Police ask the producer if he was trying to follow a vehicle.
“I was being called by New York, going maybe these are people you need to follow but I don’t know,” he said. “I was trying to …”
“You were trying to what?” the officer interjects.
“Just do what they told me to do,” the producer replied.
The freelance producer then offered to call NBC News offices in New York and put an NBC staffer, who identified herself as a booking producer with the network, on the phone.
“We were just respectfully … trying to see … if we could find any … leads about the case,” she told the officer over the phone. “By no means were we trying to get in contact with any of the jury members or whoever is in the car. We’re just trying to see like where key players in the trial may be at.”
“We’re going to ask you guys to not do that,” the officer later tells the booking producer. “That’s the concern here. This is huge. We can’t afford anything crazy happening, putting people in dangerous positions.”
The Kenosha News reported during the trail that a producer for MSNBC was arrested after he allegedly tried to take photos of jurors.

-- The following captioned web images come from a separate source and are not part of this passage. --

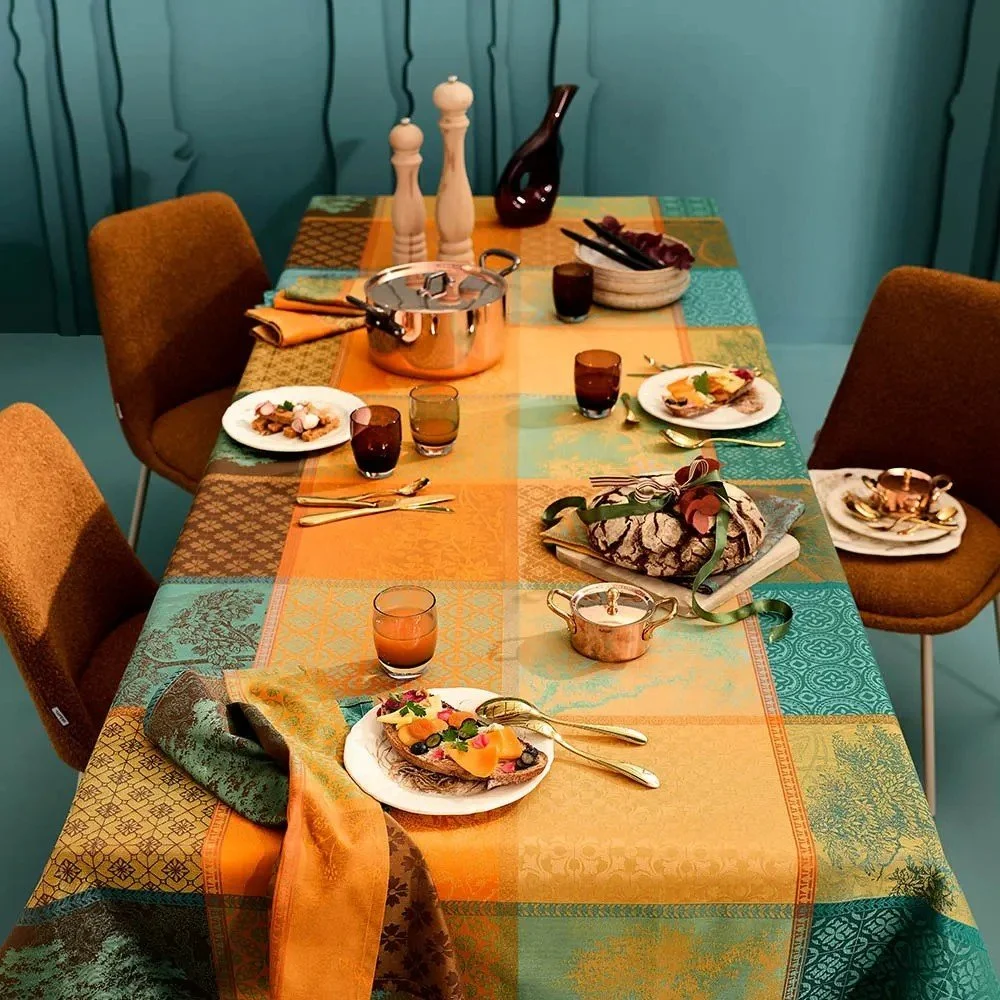 set table with fall looking blue yellow and brown tablecloth
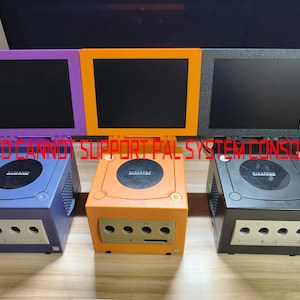 May include: Three retro game consoles in blue, orange, and black, each with a matching screen. The screens are framed in purple, orange, and black. The text "LCD CANNOT SUPPORT PAL SYSTEM CONSOLE" is displayed across the top of the consoles.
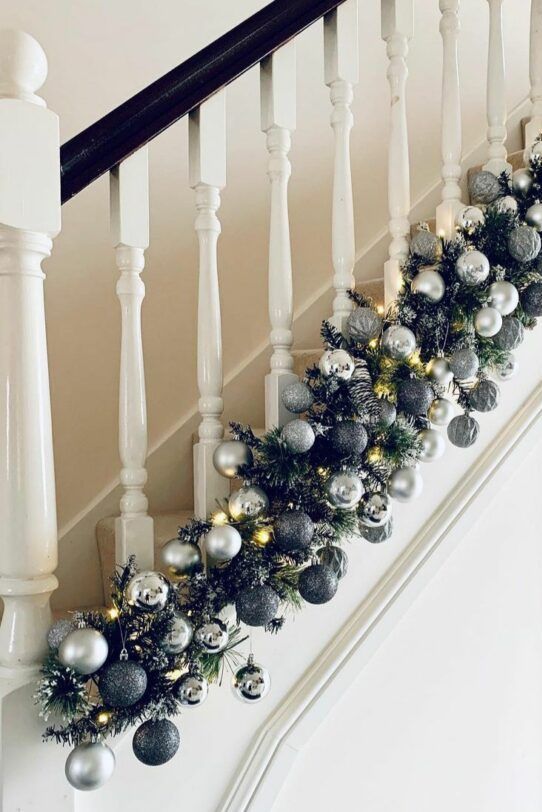 a super lush black and silver ornament garland with plenty of lights is a lovely decoration for Christmas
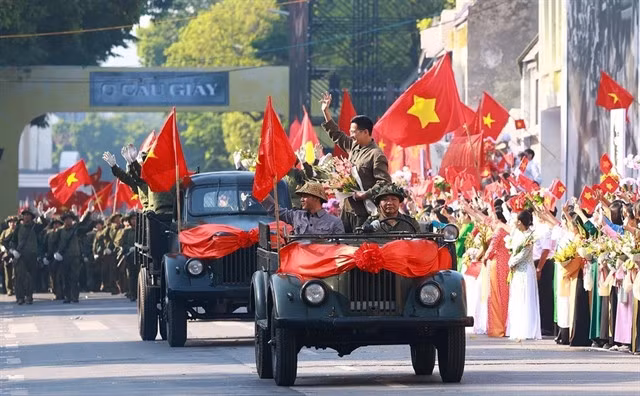 The re-enactment of the army marching in to take over the capital amid a sea of flags, flowers, and the joy of victory. — VNA/VNS Photo Dương Giang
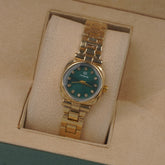 Woman's Golden Chain Watch with Green dial
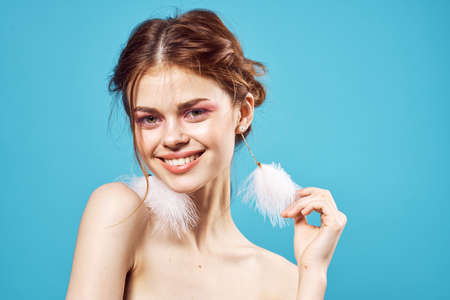 woman with bright makeup fluffy earrings posing close-upの写真素材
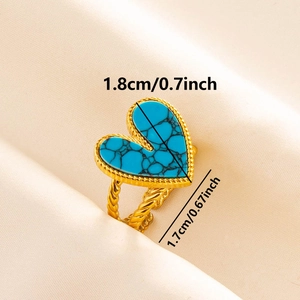 Macro shot of gold heart ring with blue stone and dimension markings 1.8cm by 1.7cm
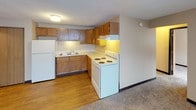 This 2-bedroom, 1-bathroom unit is laid out entirely on a single floor, offering a straightforward and efficient floor plan. The kitchen features warm-toned oak cabinetry arranged in an L-shaped configuration, providing ample storage and counter space. White appliances — including a refrigerator, electric coil range, and under-cabinet range hood — complement the light countertops, while durable wood-look flooring adds a clean, practical finish to the space.

The living area transitions from the kitchen and is finished with wall-to-wall carpet, offering a comfortable, casual atmosphere. A window unit provides supplemental cooling, and a baseboard heater ensures warmth throughout the colder months. The entry area includes a closet, adding convenient storage right at the door.

Both bedrooms are carpeted and feature neutral wall tones, baseboard heating, and windows that allow natural light to filter in. One bedroom includes two windows and the other is equipped with a built-in closet with a hanging rod, maximizing functionality.

The bathroom is finished with tile flooring and includes a wall-mounted sink, toilet, and mirrored medicine cabinet, offering a clean and utilitarian design. Textured ceilings are present throughout the unit, contributing to a consistent aesthetic across all rooms.
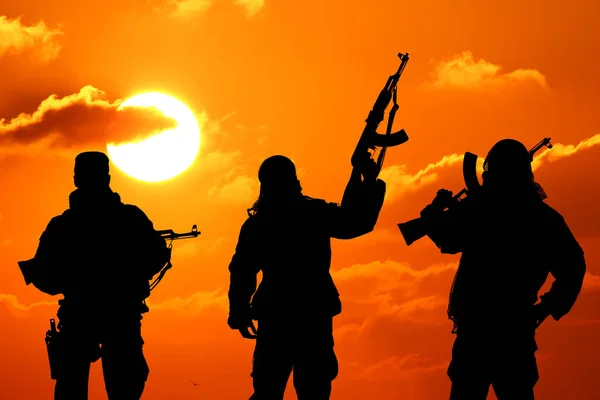 Drie militaire soldaten afsteekt tegen een prachtige zonsondergang — Stockfoto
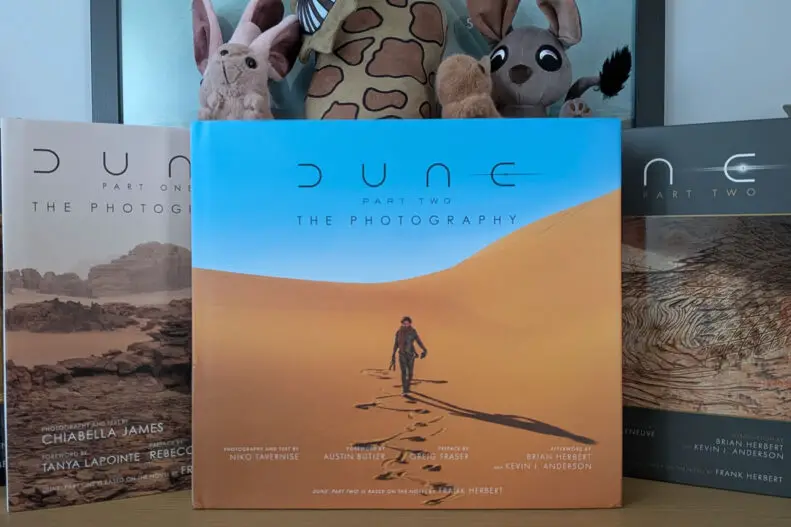 Review copy of 'Dune Part Two: The Photography', pictured next to other behind-the-scenes 'Dune' books from Insight Editions.
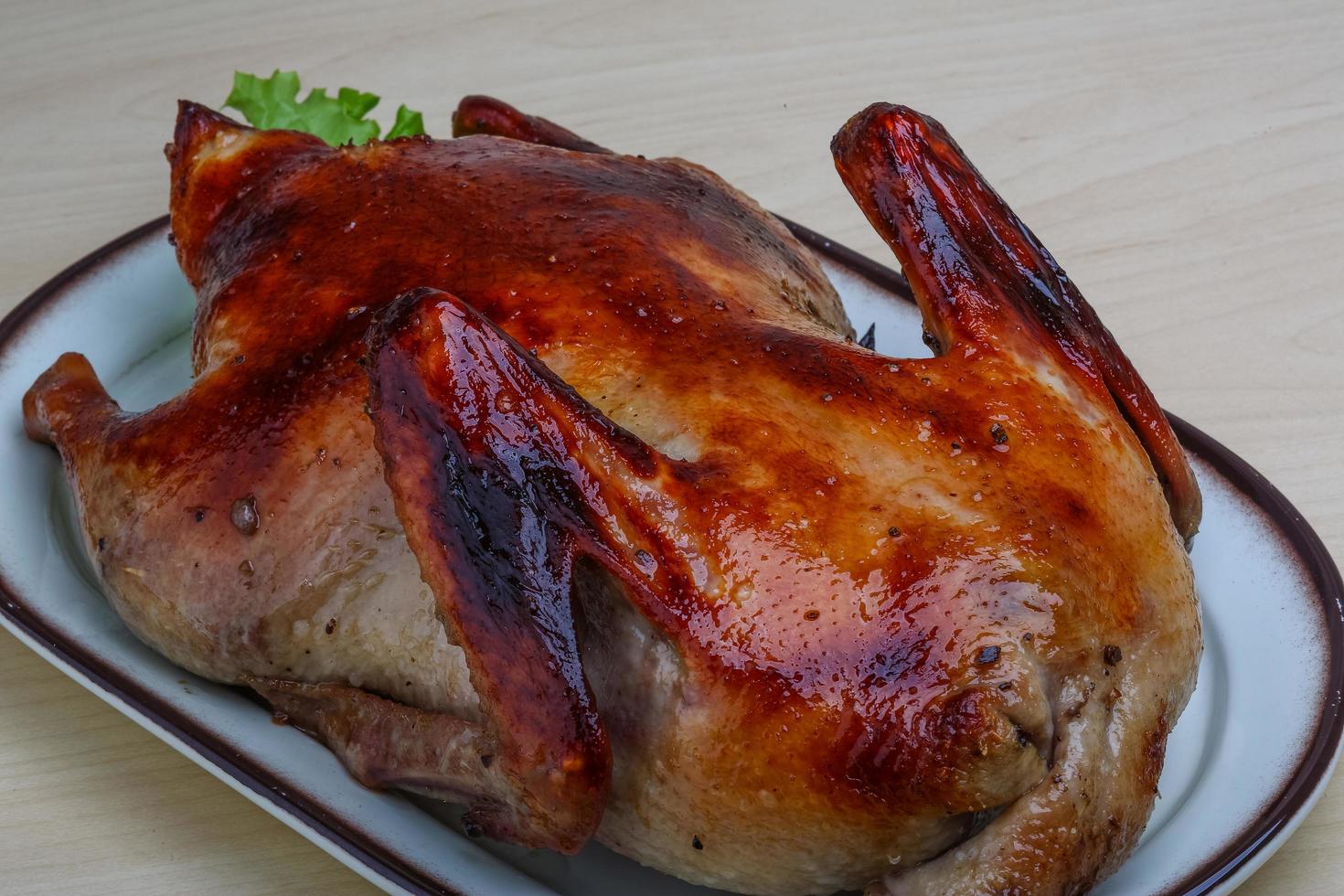 pato asado en el plato y fondo de madera foto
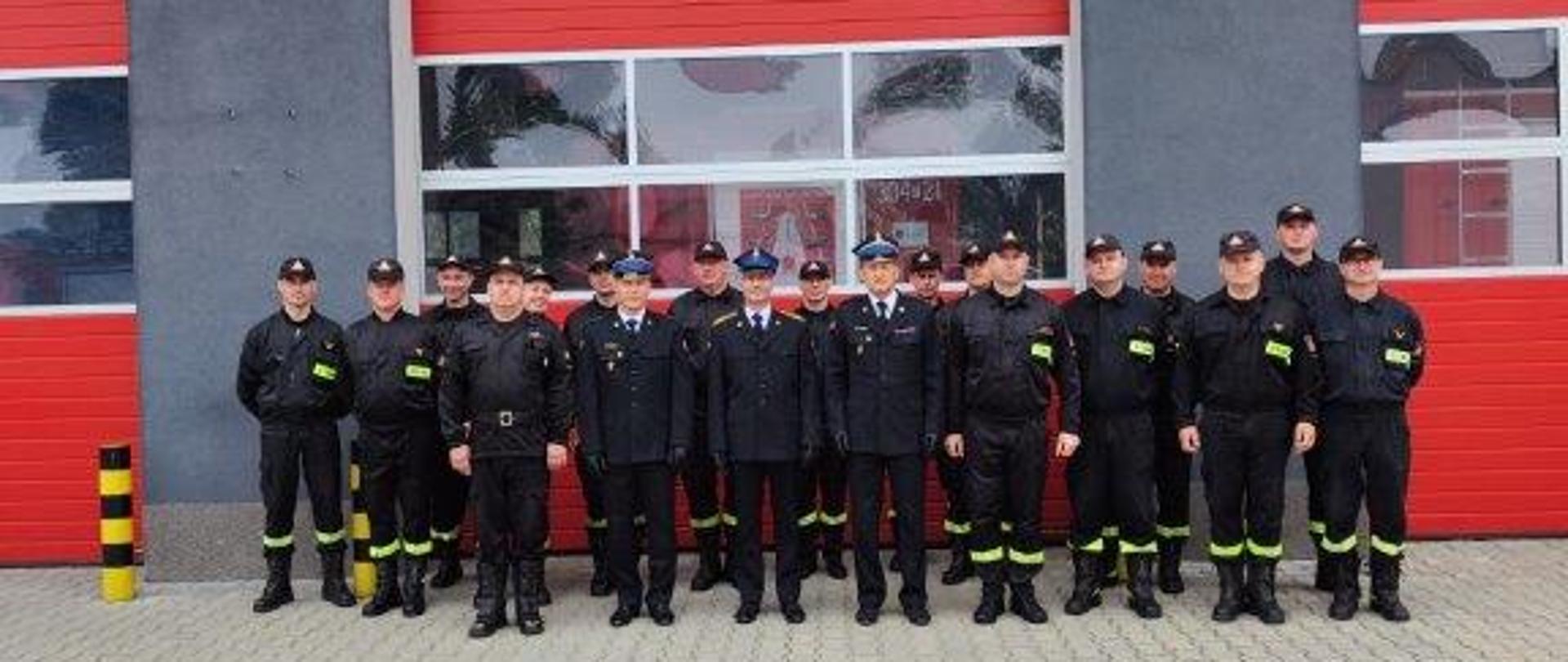 Zdjęcie przedstawia funkcjonariuszy uczestniczących w pożegnaniu emeryta stojących na tle budynku Jednostki Ratowniczo-Gaśniczej Numer 4 w Chmielniku.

Police said at the time that no photos of any jurors were actually taken, but the individual was taken in for violating a traffic control signal.
The next day, the judge presiding over Rittenhouse’s murder trial barred MSNBC News journalists from the courtroom for the remainder of the trial, citing the incident.
“I have instructed that nobody from MSNBC News be permitted in this building for the duration of this trial,” Judge Bruce Schroeder said. “This is a very serious matter and I don’t know what the ultimate truth of it is, but absolutely it would go without much thinking that someone who is following a jury bus, that is a very … that is an extremely serious matter and will be referred to the proper authorities for further action.”
After Schroeder’s ruling, NBC News issued a statement saying, “While the traffic violation took place near the jury van, the freelancer never contacted or intended to contact the jurors during deliberations, and never photographed or intended to photograph them.”
“We regret the incident and will fully cooperate with the authorities on any investigation,” the network said.